February 28th, 2010 · 2 Comments · Abu Dhabi, Vancouver Olympics

Well, that was fun. And a little random.

Thirteen people watching hockey from 12:15 a.m. till about 2:30 a.m., in a city where the only ice in town is in someone’s drink.

The gold-medal game of the Vancouver Olympics. Canada against (pronounced “uh-GAINst”) the U.S., starting at 12:15 p.m. PST.

Not something I normally would bother to stay up for. if I had a TV … but the Canadians were so totally, over-the-top into it, all day, that it seemed as if they were inviting every American at the newspaper to come over to one Canadian’s very nice (and big) apartment near the beach … to watch the hockey game! (One of the Britons in the room said, teasing, I think, “Is this match for some sort of championship?” and I thought a Canadian might slug him.)

So, invite over some Americans so you can gloat over them. Well, OK. Sure. You say there might be beer?

Sure, I’ll go over with a couple other Yanks and “represent”. Fill a quota. Provide the loyal opposition. And watch a  bunch of Canadians go a little bit nuts.

Before the game started, the Canadians were talking tough. Well, for Canadians, anyway. (And they apparently have gotten more assertive of late, right? I read that a time or two out of the Olympics coverage, and tonight I saw it. Assertive Canadians. How about that.) One of them said “the final score will be however many Canadians are here to however many Americans are here.” (At the time it was 6-3; it ended up 8-5. Not a great system, it turned out, though it did get the winner right.)

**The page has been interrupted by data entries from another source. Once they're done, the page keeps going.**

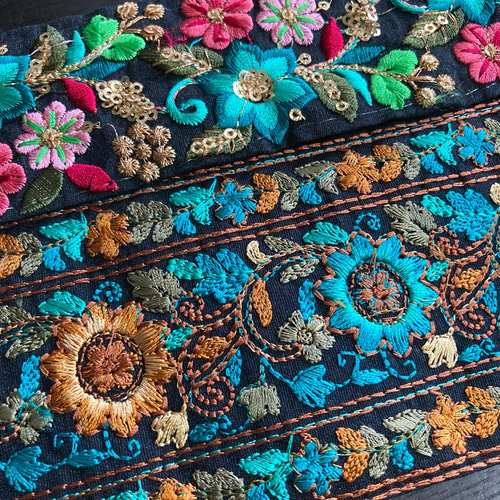 インド刺繍リボンセット ターコイズブルー 青 花 チロリアン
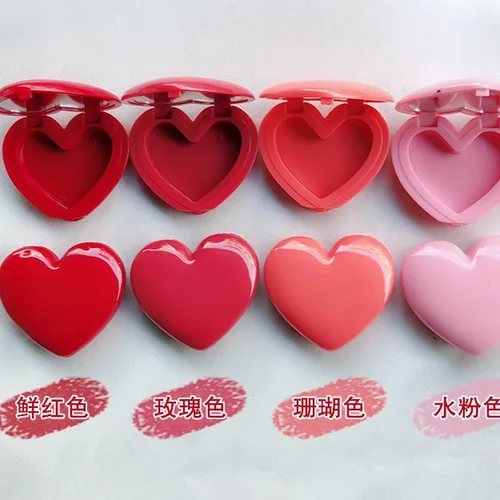 Imagen 1 del producto Caja de lápiz labial en forma de corazón de 1,4g con espejo se puede dividir en placa de presión lápiz labial sombra de ojos placa de presión caja vacía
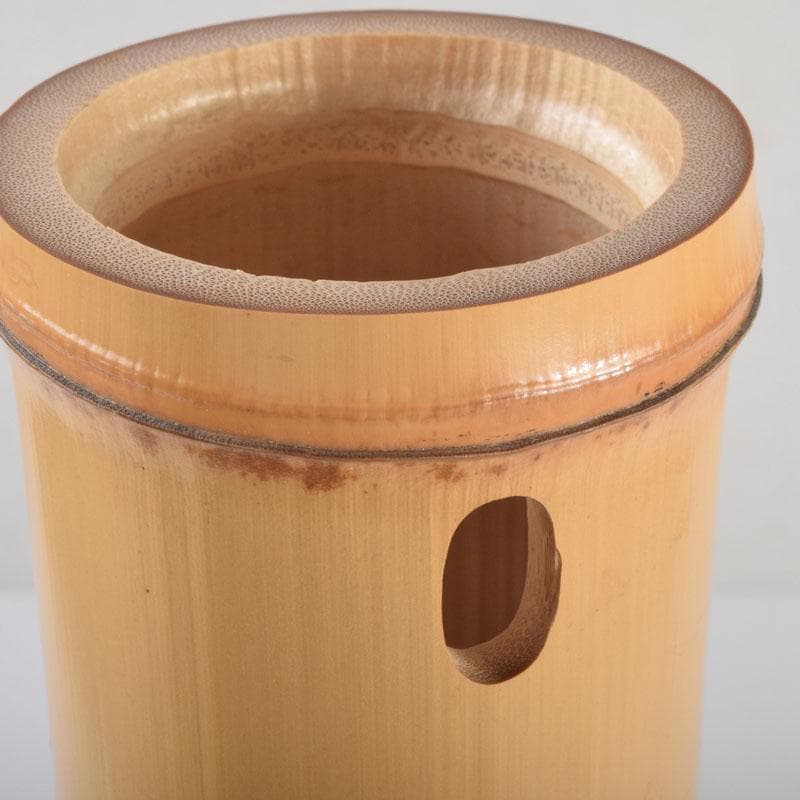 茶道具　竹林作　淡々斎好写　古竹　鯉口切花入　前大徳　福本積應極め箱　N8622
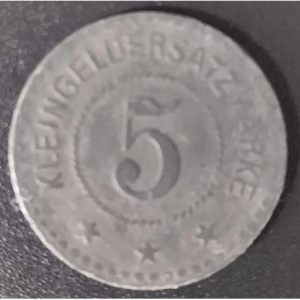 Реверс монеты Германия, 5 пфеннигов, 1917, Без отверстия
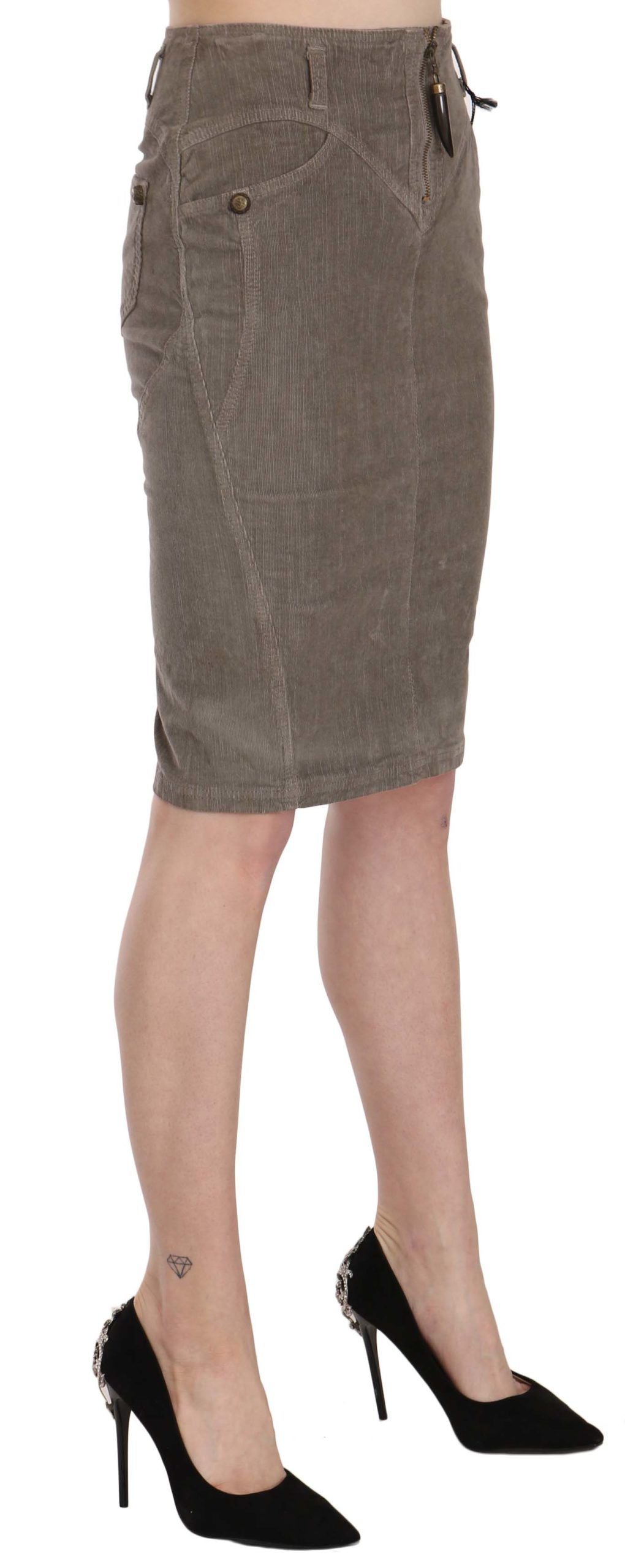 Just Cavalli Gray Corduroy Pencil Straight A-Line Skirt $509.00 Just Cavalli Luzworld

Another was suggesting, in quite sarcastic tones (Canadians, sarcastic? Who knew?) that of course the Americans had to be favored because they already had beaten Canada (5-3, in pool play, a week before).

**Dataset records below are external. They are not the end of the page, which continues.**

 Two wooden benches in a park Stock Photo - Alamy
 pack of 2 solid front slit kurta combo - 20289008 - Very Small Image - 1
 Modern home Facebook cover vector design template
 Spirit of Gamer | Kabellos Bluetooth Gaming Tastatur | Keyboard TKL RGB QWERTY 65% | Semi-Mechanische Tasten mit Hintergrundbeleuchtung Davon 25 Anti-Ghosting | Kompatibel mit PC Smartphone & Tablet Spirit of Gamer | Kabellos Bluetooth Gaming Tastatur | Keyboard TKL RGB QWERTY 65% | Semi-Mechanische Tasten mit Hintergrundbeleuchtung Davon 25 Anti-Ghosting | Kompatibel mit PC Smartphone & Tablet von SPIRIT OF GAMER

When, of course, it was Canada’s NHL All-Star team uh-GAINst our nameless, faceless second-line lads. (Nameless and faceless in the U.S., anyway.) Plus, Canada was playing at home, before an overwhelmingly Canadian crowd that included the Prime Minister and Wayne Gretzky. Or, I should say, Wayne Gretzky and the Prime Minister.

But it was a no-lose proposition for most of the Americans. We lose, who cares? We win, we give the Canadians a very very hard time. (Provided we thought they could take it.)

Three of the five Yanks come from the famous hockey-mad states of California, Florida and Louisiana.”Yeah, shoot a touchdown!”

I follow hockey a little; I’ve covered the Ducks and Kings and hockey at the 1984 Sarajevo Olympics, and various other Olympics … but I must concede I had never heard of all but two or three guys on the U.S. team. Jack Johnson, Zach Parise and Brian Rafalski. And we’re done. I had never heard of red-hot goalkeeper Ryan Miller. Not before these Olympics. Hey, he plays in Buffalo!

The Canadians,  meanwhile, were completely into it … as well they ought to be, considering it’s their national sport and all.  They were nervous, amped up,  and ready to start shouting at a big flat-screen TV — in the wee hours of a Sunday morning.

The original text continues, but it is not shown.